A team of enormous horses strained against long ropes as they struggled along a path beside the river. They towed not a carriage but a shallow boat, dragging it against the current, against nature, upstream. I’d seen such horses at work on the lowland canals, but here, against the might of the greatest river in Europe, it seemed somehow perverse.

‘The trip home, downriver, will be a great deal faster,’ said Master de Aquila, ‘but going up is rather more difficult. But between man, beast and sh–sorry, boat — we will make it into the
Alps themselves. It is a system as old as the Romans.’ He took the reins from my hands and motioned for me to dismount. ‘It’s the Rhine, not a treacherous ocean, Isabella. I promise you, no harm will come to us.’

‘A person can drown just as easily in a river,’ I said, refusing to budge from my saddle. ‘It’s just as wet as the ocean.’

‘So are bathtubs,’ said Willem. He slid from his horse and landed on the ground with a thump. ‘See you in Basel, then.’ He waved, and led his horse and the ponies off towards the wharf.

I stayed put.
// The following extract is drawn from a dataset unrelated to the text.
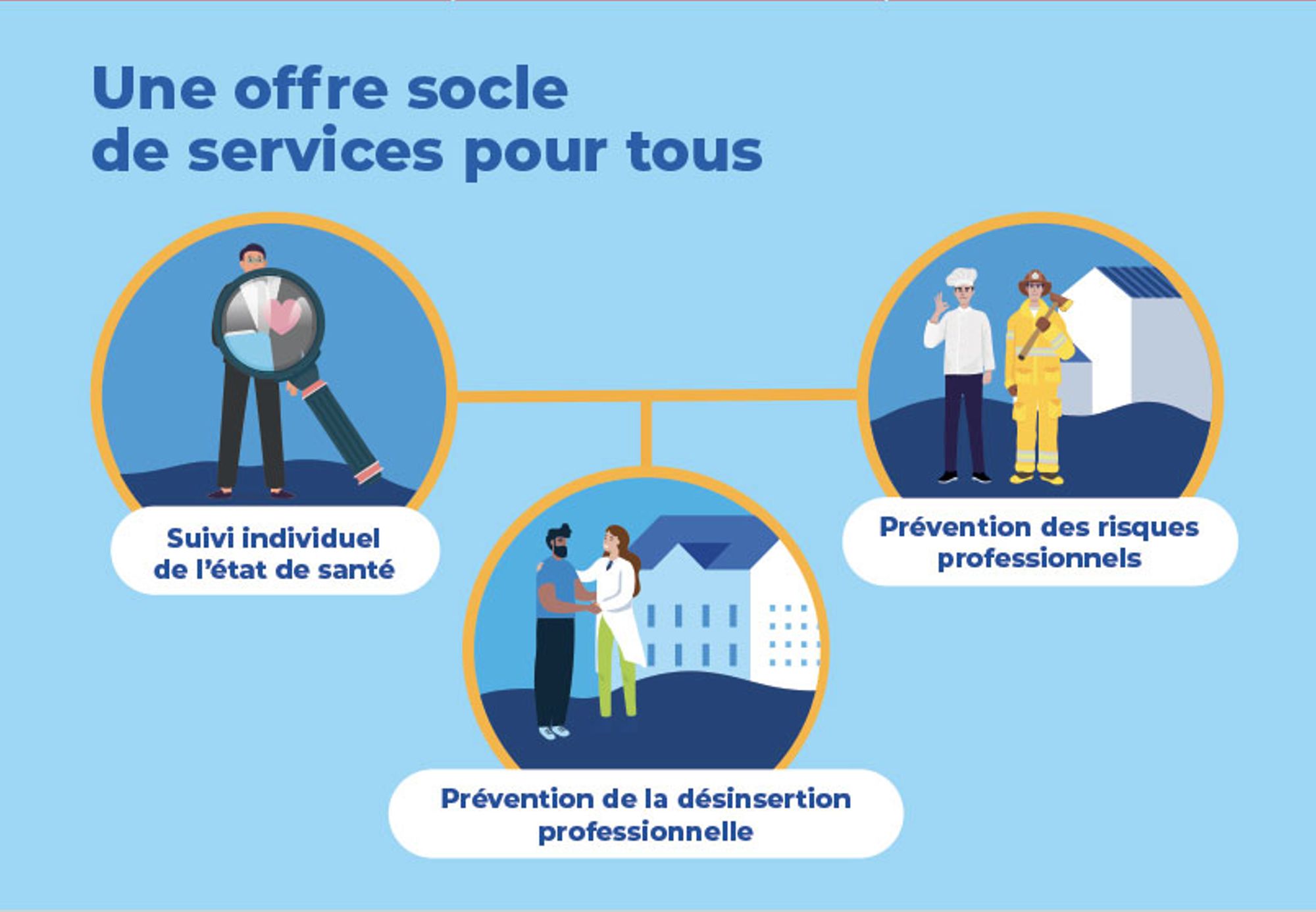 L'offre de services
Master de Aquila sighed with impatience.

‘Isabella, just look at it.’

The water drifted idly by, the only discernible movement lazy eddies around the wharf piles. A thick layer of scum leadened the surface. It didn’t look like a very fearsome river, I had to admit.

‘We don’t sail quite so far as Basel in this, don’t worry,’ said Master de Aquila. ‘Once the river becomes shallow, we take to smaller boats. It will be quite safe.’
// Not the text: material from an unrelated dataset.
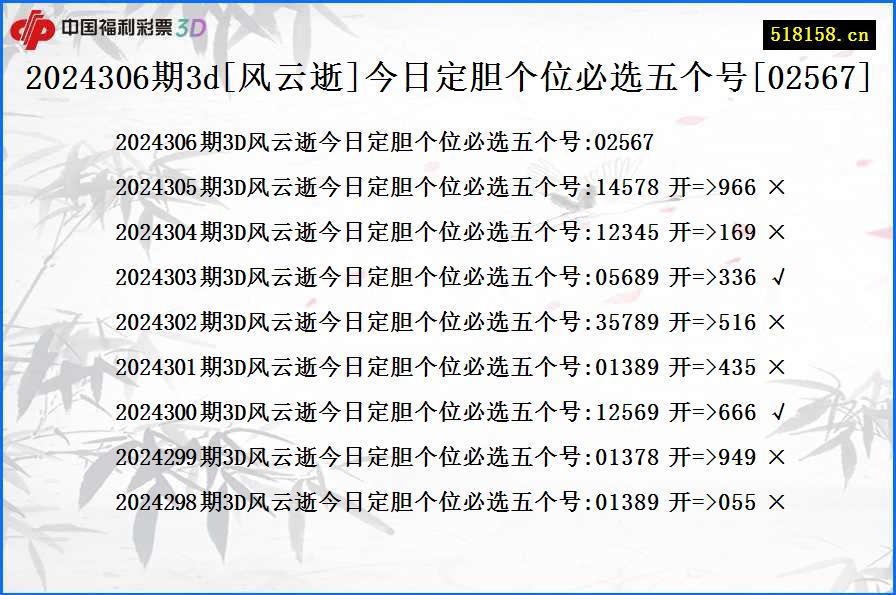 2024306期3d[风云逝]今日定胆个位必选五个号[02567]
‘Are you coming aboard sometime today?’ Willem shouted from the pier. He shouldered a bag and marched up the gangplank and onto the boat.

‘In a moment,’ my master called. ‘Come, Isabella.’

He held out his hand to me.

 

Willem was seasick all the way to Cologne.

‘Sturdy ship, isn’t she?’ I said when he came on deck for air. ‘Just as you said. I can barely feel the movement — can you?’ He ran to the rails, groaning.

We reached the city at dusk, so we could barely make out its shape in the gloaming.

‘At last,’ I said. ‘I’m never setting foot on another ship.’

Willem and Master de Aquila glanced at each other.

‘Ever,’ I said.

We took rooms at an inn overlooking the river, and set out early the next morning to explore the town. We walked all around, gazing at the old churches, the unfinished cathedral, and its forecourt, where three men sat with their necks, hands and feet clamped tightly in stocks. One of them appeared to have died during the night.

Willem was beside himself; this was his first truly foreign city and he spent a great deal of time exclaiming at the most ordinary things.

‘Listen!’ He stopped still in the middle of the road so that people and horses had to walk around him. ‘Those people — they’re speaking — what is it?’

‘German, I believe,’ said Master de Aquila.

‘Not surprising, really, since they are German,’ I said.

‘But the way they speak it, it sounds different to your German.’